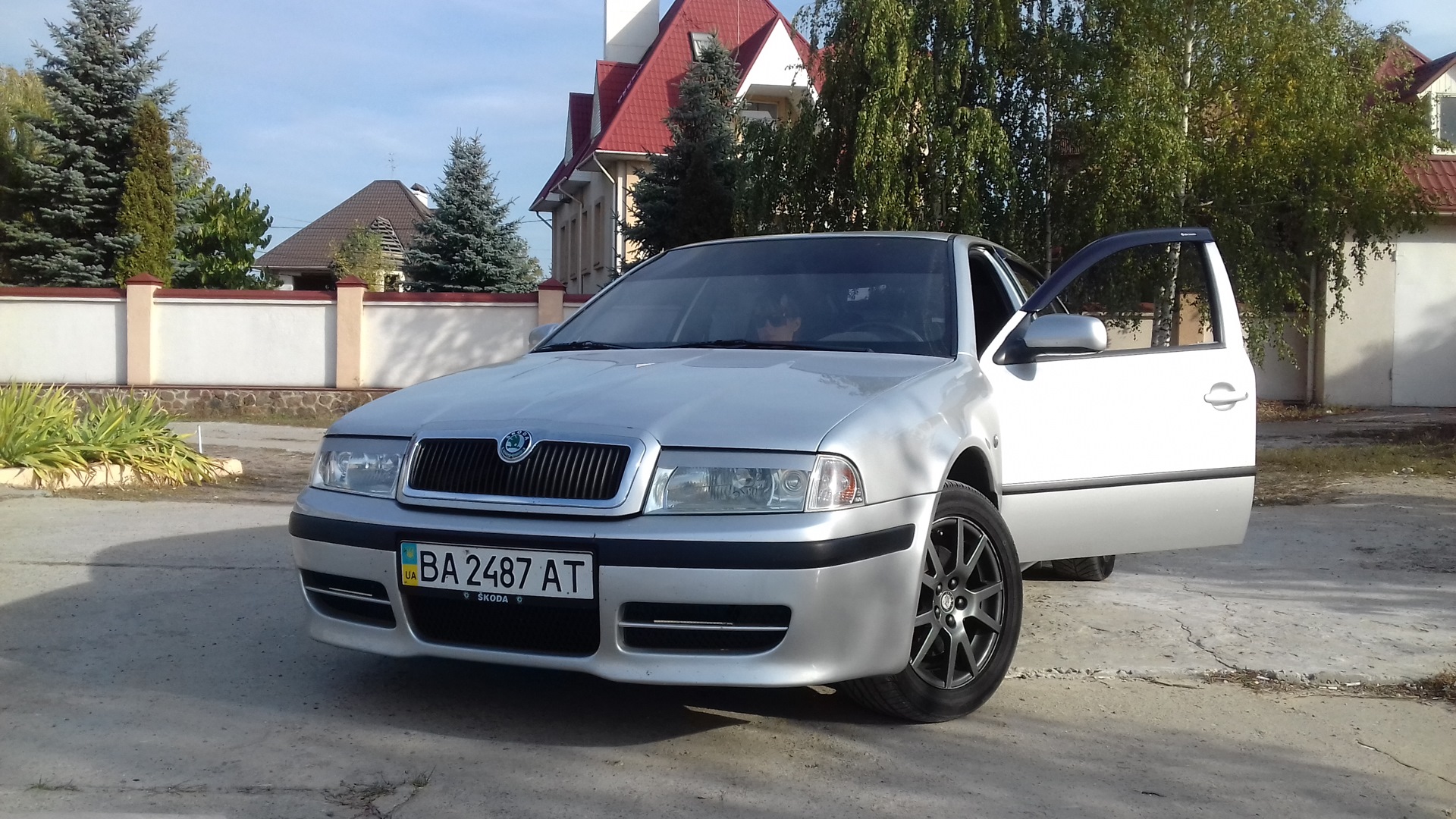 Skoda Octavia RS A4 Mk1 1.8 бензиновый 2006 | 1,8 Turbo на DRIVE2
• • • •
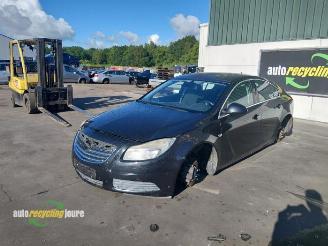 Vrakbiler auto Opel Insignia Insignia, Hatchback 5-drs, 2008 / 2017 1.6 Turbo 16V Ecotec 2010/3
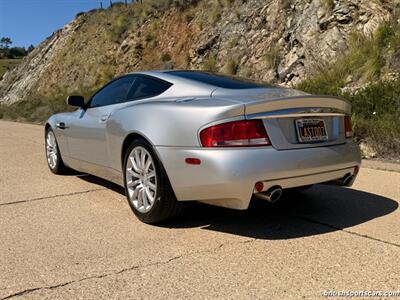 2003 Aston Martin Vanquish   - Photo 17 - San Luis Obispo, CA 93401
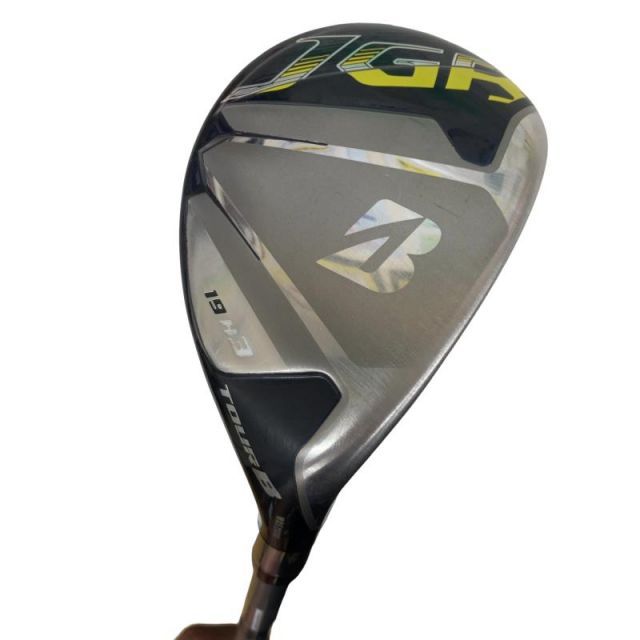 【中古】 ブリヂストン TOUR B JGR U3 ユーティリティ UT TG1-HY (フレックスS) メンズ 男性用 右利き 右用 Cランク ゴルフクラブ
• • • •
Take the material above from the line bearing "2003 Aston Martin" through the line bearing "右用 Cランク ゴルフクラブ" and write it out exactly, both end lines included. Pictures stay out.

 2003 Aston Martin Vanquish   - Photo 17 - San Luis Obispo, CA 93401
 【中古】 ブリヂストン TOUR B JGR U3 ユーティリティ UT TG1-HY (フレックスS) メンズ 男性用 右利き 右用 Cランク ゴルフクラブ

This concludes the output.